Conjunctivitis (Pink Eye)
There are several different causes of conjunctivitis (pink) in canines. Symptoms of pink eye include pink or red eyes, and there is sometimes discharge too. This discharge may be watery, or it may be yellowish-green pus. Itchiness and swelling are other common symptoms.
Conjunctivitis gets its name from the conjunctiva, a special mucous membrane in the eye. With conjunctivitis, the conjunctiva is inflamed. The conjunctiva is crucial because it helps protect your dog’s eye. If it’s inflamed and irritated, your dog is at risk.
Owners should bring their dogs to the veterinarian as soon as possible if they have symptoms of pink eye.

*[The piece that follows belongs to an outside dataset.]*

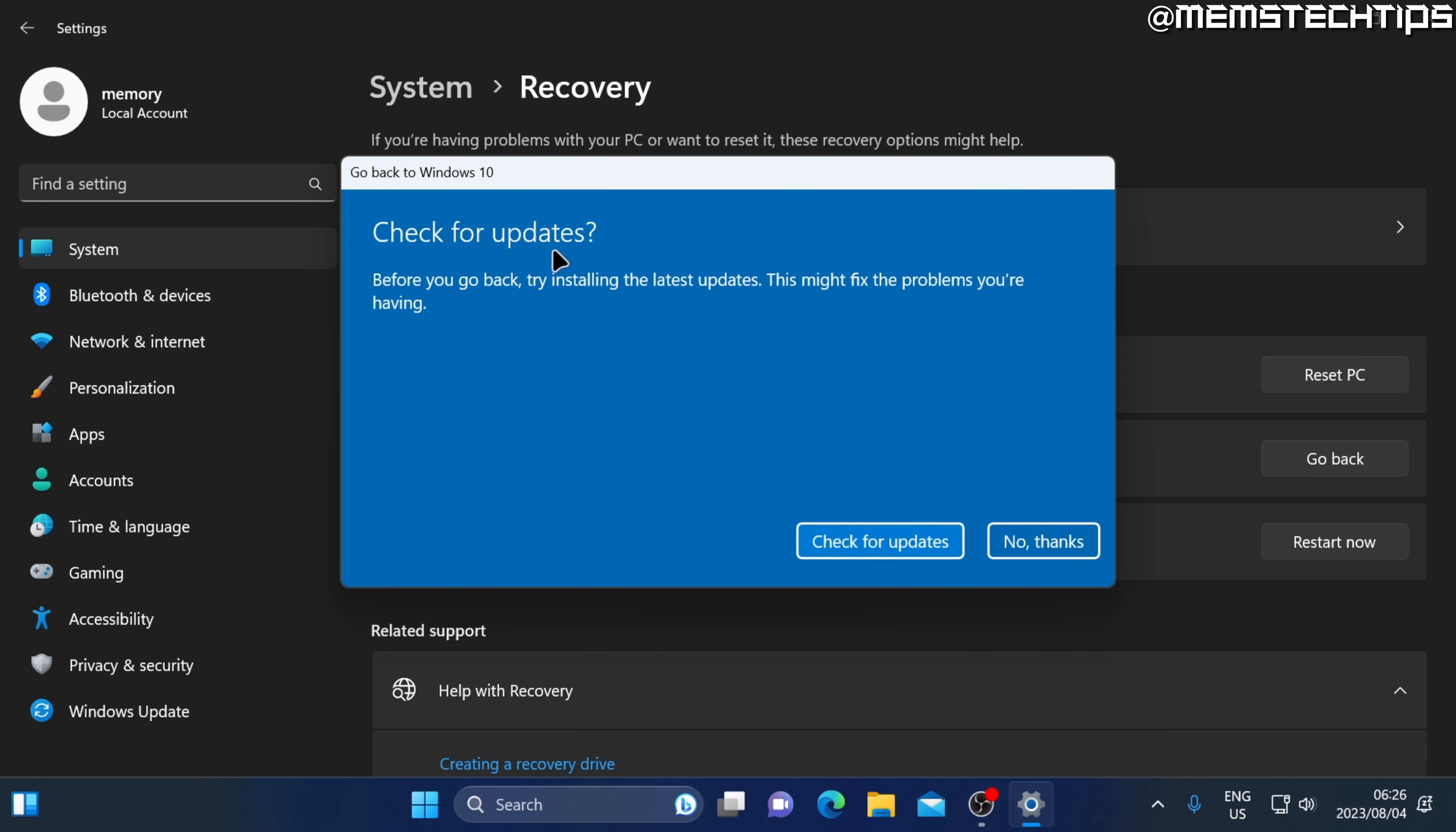You'll be prompted to check for updates before you go back, so you can try and fix the problems you might be having in Windows 11. We're not having any problems. We just want to go back to Windows 10, so just click on no thanks.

The proper treatment for your dog’s conjunctivitis depends on its exact cause. There are two leading causes of conjunctivitis. There are bacterial causes and viral causes.

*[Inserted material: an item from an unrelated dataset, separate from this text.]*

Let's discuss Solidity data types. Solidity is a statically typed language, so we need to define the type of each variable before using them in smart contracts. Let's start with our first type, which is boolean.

Bacterial Conjunctivitis is a bacterial infection that causes pink eye and other issues. If you’ve ever had a bacterial infection, you know how quickly it can become severe. Get your dog to the veterinarian as soon as you can if he has bacterial conjunctivitis.
Sometimes a dog’s conjunctivitis may be caused by a virus. There are viruses out there that spread quickly from dog to dog. Don’t assume a virus causes your dog’s conjunctivitis. Even if it was initially, a bacterial infection might have developed.
Other Eye Infections
Conjunctivitis is just one type of eye infection your canine companion may develop. In other words, other areas of the dog’s eye may get infected with bacteria. Like any different kind of bacterial infection, this can have severe consequences if not adequately treated.

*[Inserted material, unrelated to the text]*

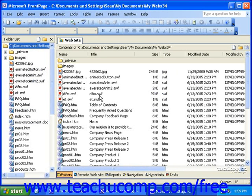Interactive forms are a great way to collect data from visitors to your website. Visitors simply enter data, select options, or choose answers from form fields, and then click a submit button to send the information to you.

Glaucoma is caused by something called intraocular pressure (IOP). IOP is the pressure inside the dog’s eye. Some signs of glaucoma in dog eyes may include:
- Cloudiness or a bluish tint in the eyes
- Weak appetite
- Watery discharge from the eye
- Eye discomfort and pain
This is a serious condition and may lead to blindness if not correctly treated.
Eye Allergies For Dogs
Like humans, dogs may have environmental allergies that affect the eyes. If this happens, your pet will need a specific kind of eye drop.
How to Give Your Dog Eye Drops
There are specific steps you should follow when giving your dog eye drops.
1. Read the product instructions
Different kinds of eye drops have their own instructions. Don’t assume that eye drop instructions you’ve seen before will apply the eye drops you are using now.
2. Wash your hands thoroughly
Don’t risk introducing bacteria into your dog’s eyes with dirty hands. Always give your hands a thorough wash immediately before using eye drops on your pet. To be safer, use hand sanitizer on your hands and then wash.
3. Cleanse eye area around the eye
Wet a washcloth in warm water, and use this (and a light touch) when cleaning the area surrounding your pet’s eyes. Use soothing words to keep your dog calm. Praise your dog when they behave the way you want.
4. Keep the applicator tip hygienic
Clean off the end of the eye drop applicator before and after every time you administer the drops. Dry it off thoroughly before you put it away. Try not to introduce the applicator to any source of bacteria, such as dirty hands. Also, try not to let the applicator directly touch the eye.
5. Gently hold your pet’s head.
If you have someone to help you, that is even better. They can hold your dog’s head while you administer the eye drops. Making sure your pet’s head won’t move around too much is essential. After all, you need time to aim the drops to get in the eyes properly.
6. Administer the eye drops
Ensure the bottle itself doesn’t come in contact with your dog’s eye. Try to get the eye drops in the middle area of the eye.
7. Provide positive reinforcement
Use positive reinforcement all through the process to show your dog how they should behave. For example, pet your dog and praise them when they stay still. Don’t get angry with your dog or reprimand them when they’re scared, as this will make them more afraid.
8. Wash your hands
Wash your hands thoroughly after administering the eye drops.
Keep Your Dog’s Eyes Heathy
There are several eye conditions in dogs that may need eye drops. Now you know about the different kinds of eye drops and eye conditions in dogs. Bring your pet to the vet right away if you think they have eye problems.